Battered oak with huge gall, blasted branches, lost bark and holes that shelter who knows what.
My husband visited this awe-inspiring oak thirty years ago. © Jan Decher, 2017

This weekend, my husband and I went looking for a half-circle of oaks he knew from thirty years ago. (No comments from the peanut gallery 😉 He said their group held hands around it because it was so big (nearly 8 meters around and 24 meters tall!). It’s gotta be old: 600-800 years!

We found six or seven oaks, but this one was the ruler of them all. There were hollow spaces big enough to house a small boy, like the one in Jean Craighead George’s middle-grade classic, My Side of the Mountain. I always thought the living in a tree part of the story was a bit of a stretch, but this oak could easily house a boy and a hawk. For all I know, it does.

A bumblebee flew into the boy-sized hole in the base of the tree and something brown and fluffy was in another large hole way over our heads. One of the huge, sawn-off branches was a hollow tunnel, like a giant elephant trunk.

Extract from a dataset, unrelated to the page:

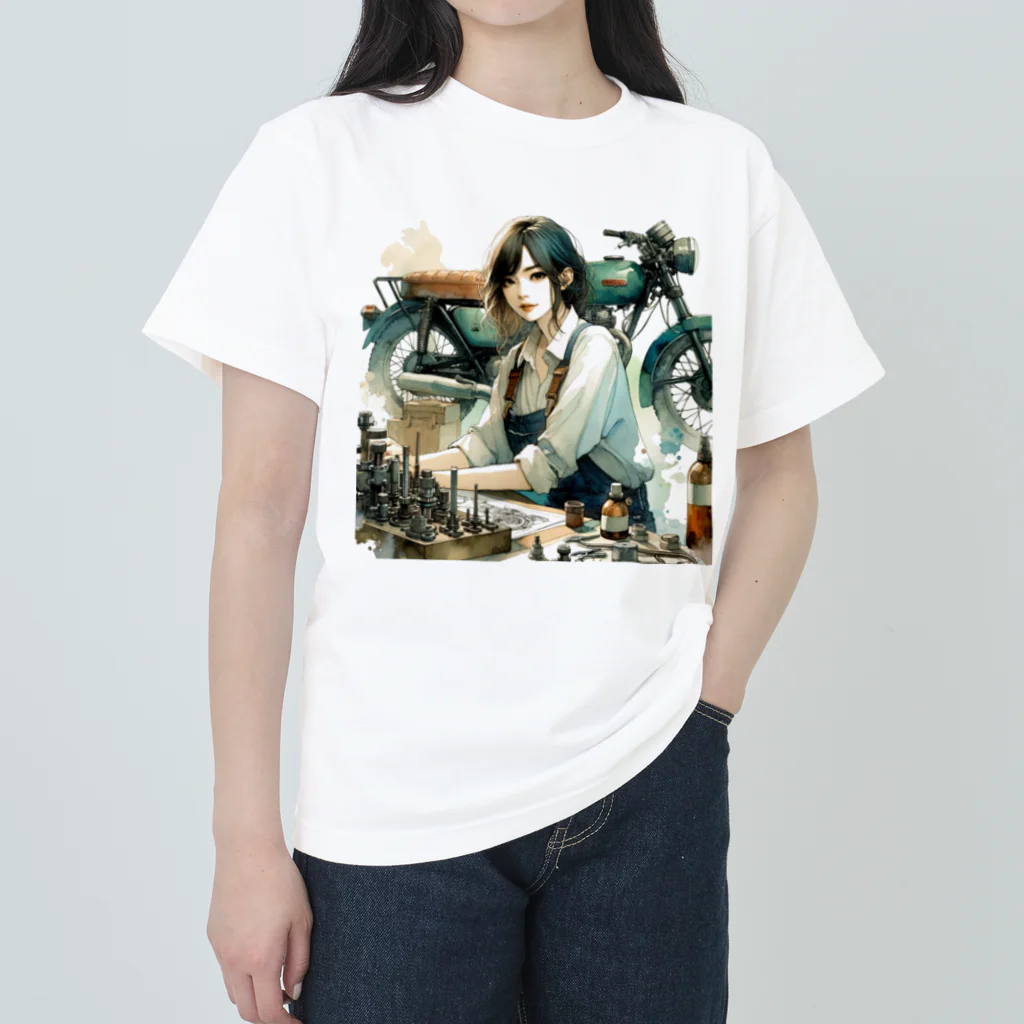 ヨーカズのバイク女子サキ Heavyweight T-Shirt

Tragic, mighty, grotesque. An epic tree.

Even on a brilliant sunny day, you could feel the power and past destruction pent up inside this tree. Maybe it houses a million bees or will be struck by lightning and burst into flame or throw a few mighty branches down in the wind. It’s clearly a survivor waiting for the next adventure. And a refuge for all kinds of living things.

Note for writers: If places inspire you with story ideas, you might enjoy my post about Angela Ackerman’s and Becca Puglisi’s  The Rural Setting Thesaurus at The Winged Pen.

Oak with big hollow high up in the tree.
A refuge high in an ancient oak. Hüinghausen, Germany. © Jan Decher, 2017.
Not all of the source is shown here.